TIO ARCIDO, O CONTADOR DE HISTÓRIAS
Por volta de mil novecentos e poucos, no Traçado, nos morros que até hoje podem ser vistos, em frente à casa do Tio Lesse, morava Tio Arcido, o maior contador de estórias que Urubici já viu. Eram estórias verídicas e estórias contadas.
Meia idade, Tio Arcido era português acaboclado, mas tinha uma memória muito forte e boa, eu o conheci quando tinha oito anos de idade e minha curiosidade sobre o que ele dizia era fantástica.
Eu conto algumas de suas estórias de forma simples, assim como elas eram contadas nas rodas de chimarrão, ou ao redor dos fogões, no inverno. Algumas dessas estórias são recordadas como sendo dele…
Tenho muitas lembranças dele, e minha família cultua Tio Arcido como o inesquecível velhinho que contava estórias. Tia Alda, Tia Maris, Tia Salete, Tia Tereza, Tio Jonas, Tio Lesse, Tio Antônio, Tio Vevino, Tio Vica, Tio Tuti. Somos todos arcidos por natureza.
São milhares as estórias que sabíamos, contadas por ele, ou por outras pessoas, como sendo dele. Contava sobre os bugreiros, sobre estórias fantásticas que não lemos em livros, por aí. As histórias mais arrepiantes que Urubici conhece foram contadas pelo Tio Arcido. Aquelas do Avencal, as do Panelão…
Tio Arcido se arrepiava todo quando contava as histórias da noiva do Panelão, da mão que acompanhava os motoristas à meia-noite. Sabia das origens do Morro Pelado e das cascatas de Urubici, contava em detalhes a festa do casamento do índio Bici com a formosa Ñnca Zurita, da tribo dos Kaiowá guarani.
Onde quer que fosse, lá estava ele, cercado de pessoas grandes e pequenas, ouvindo boquiabertas suas fantásticas estórias. As histórias de uma macaca, que pertenceu à avó de meu pai, eram sempre acompanhadas com interesse e entusiasmo, como se fossem capítulos diários de uma novela.

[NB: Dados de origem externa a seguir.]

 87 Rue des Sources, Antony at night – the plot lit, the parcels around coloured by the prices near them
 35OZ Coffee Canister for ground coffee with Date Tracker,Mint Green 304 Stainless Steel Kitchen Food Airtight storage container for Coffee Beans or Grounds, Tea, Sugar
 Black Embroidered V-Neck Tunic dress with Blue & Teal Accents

Sua casa de madeira era situada em meio ao pinheiral e pela situação, no alto, dava ao contador de estórias, uma visão de todos os fenômenos e acontecimentos em quase toda a região da vale. Era como um observatório. Ele tinha na ponta língua todas as lendas indígenas de Urubici, todo o passado de nossa cidade no tempo dos índios, coisas do Pericó, de Santa Bárbara…
Impressionante, porém, era seu tom de voz. Sempre um contador misterioso, que dizia coisas inacreditáveis parecerem verdades absolutas.

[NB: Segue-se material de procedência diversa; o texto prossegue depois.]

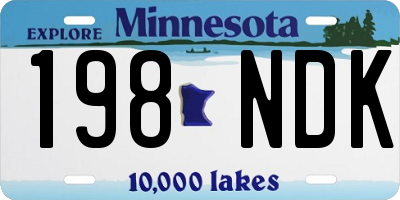 MN license plate 198NDK
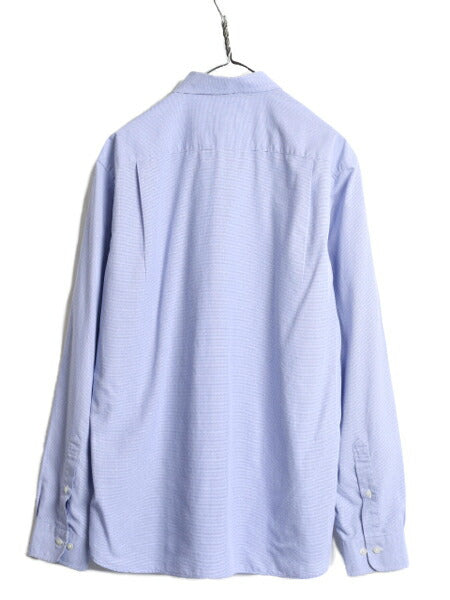 ブルックスブラザーズ 長袖 シャツ メンズ L 古着 BROOKS BROTHERS Red Fleece ドレス ワイシャツ ドット 水玉 織柄 コットン ビジネス 青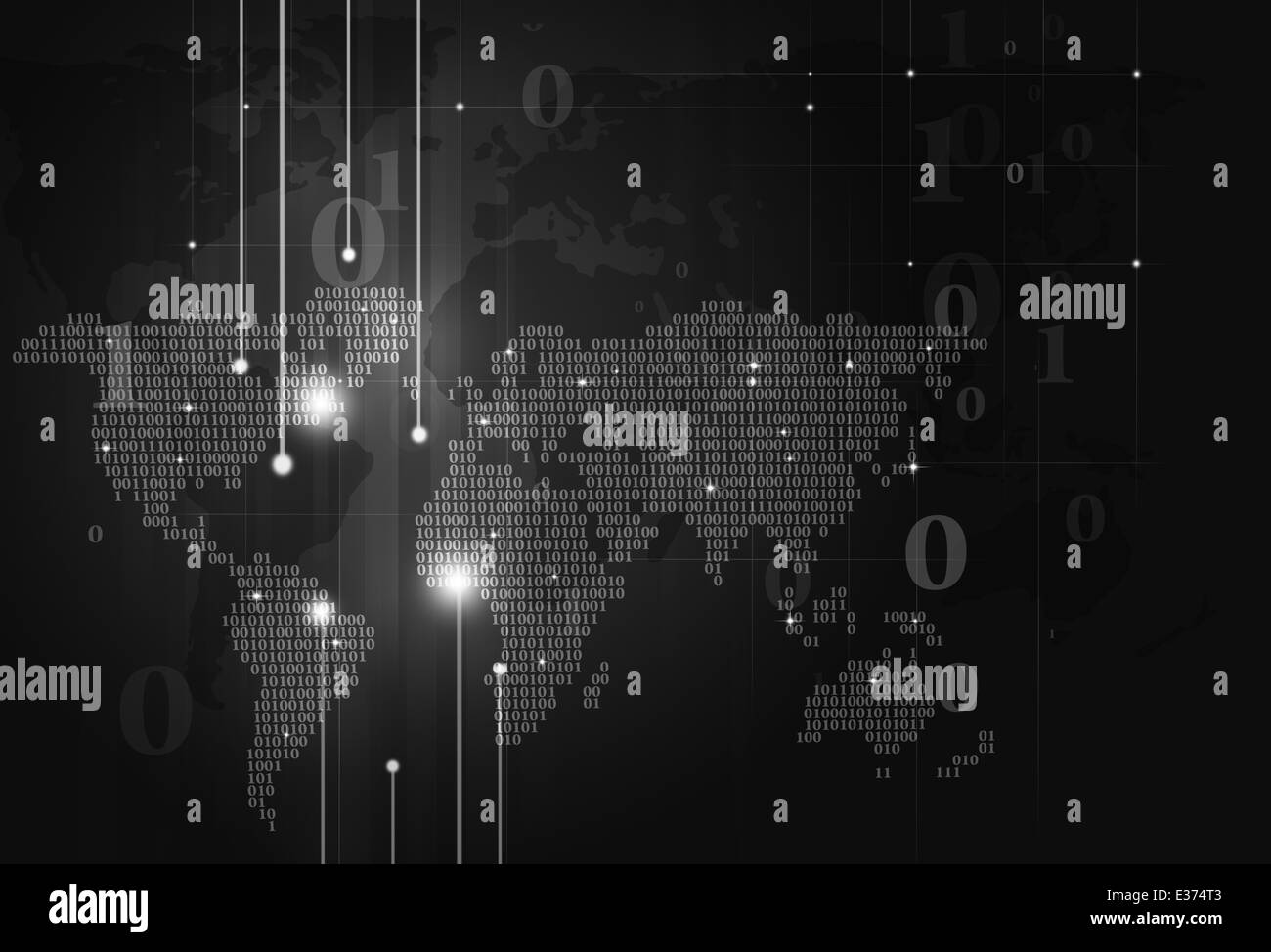 abstrakte Technologie Binärcode Weltkarte auf dunklem Hintergrund Stockfoto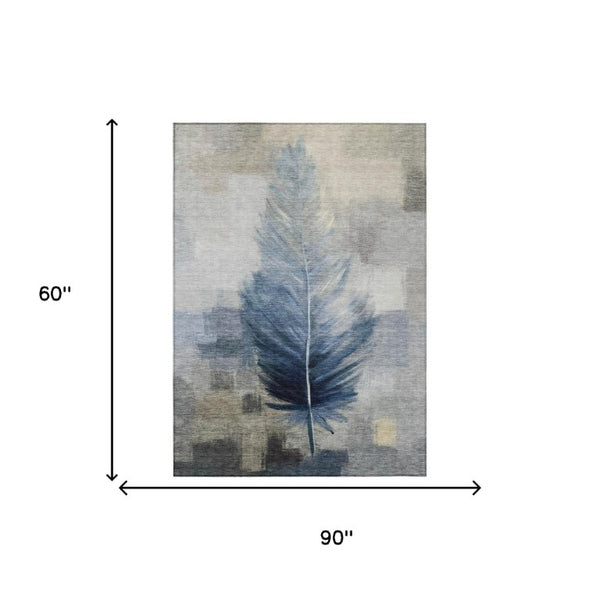 5' X 8' Blue and Pewter Botanical Leaves Washable Indoor Outdoor Area Rug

Suas estórias têm muito a ver com pesquisas até hoje realizadas por doutores e universidades. Elas faziam parte do medo social da época, e ele era um sábio medroso que sabia meter medo…

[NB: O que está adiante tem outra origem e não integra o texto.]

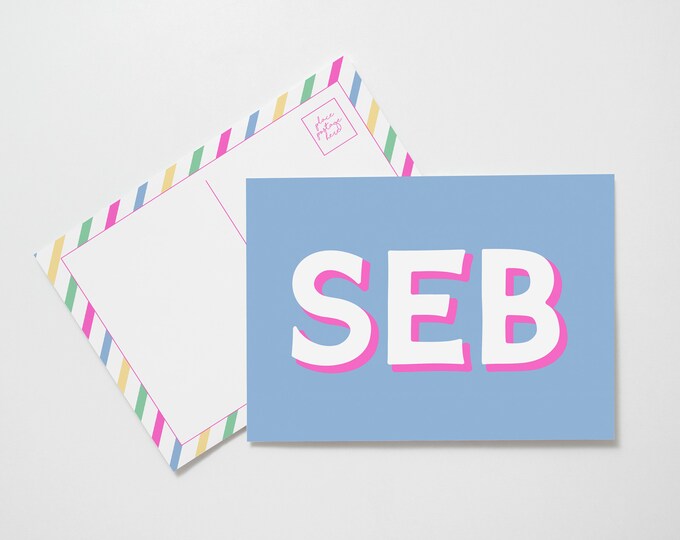 Personalized Girls Camp Postcard Set – Monogram Postcards for Girls, Modern Stationery for Kids, Custom Kids Postcards, Girls Writing Set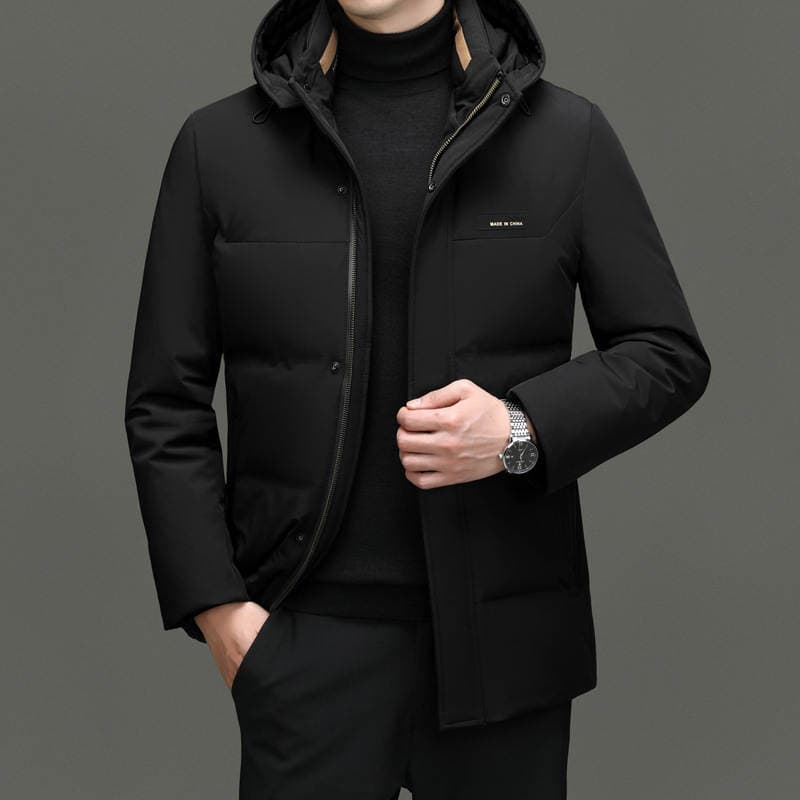 Fashionable Hooded down Jacket for Men, 2025 Winter New Style, Mid-Length Warm Casual Coat for Dad, Trendy 4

Tio Arcido era um conhecedor profundo de Urubici e, narrava com detalhes personalidades, temperamentos, tipos humanos, casas, acontecimentos e ilusões.
Todos, até hoje, contam estórias de Tio Arcido como se fossem pequenas verdades e, se hoje, Urubici é famosa por suas histórias, com certeza muito deve ao Tio Arcido. Sua criatividade era tão fecunda, que grandes e pequenos ficavam atônitos com suas explicações detalhadas sobre determinados acontecimentos, e gostavam de ouvi-lo até o fim. Tia Nica, sua esposa, não ficava atrás e, quase sempre, apoiava o marido, dizendo:
— Tá certo, home!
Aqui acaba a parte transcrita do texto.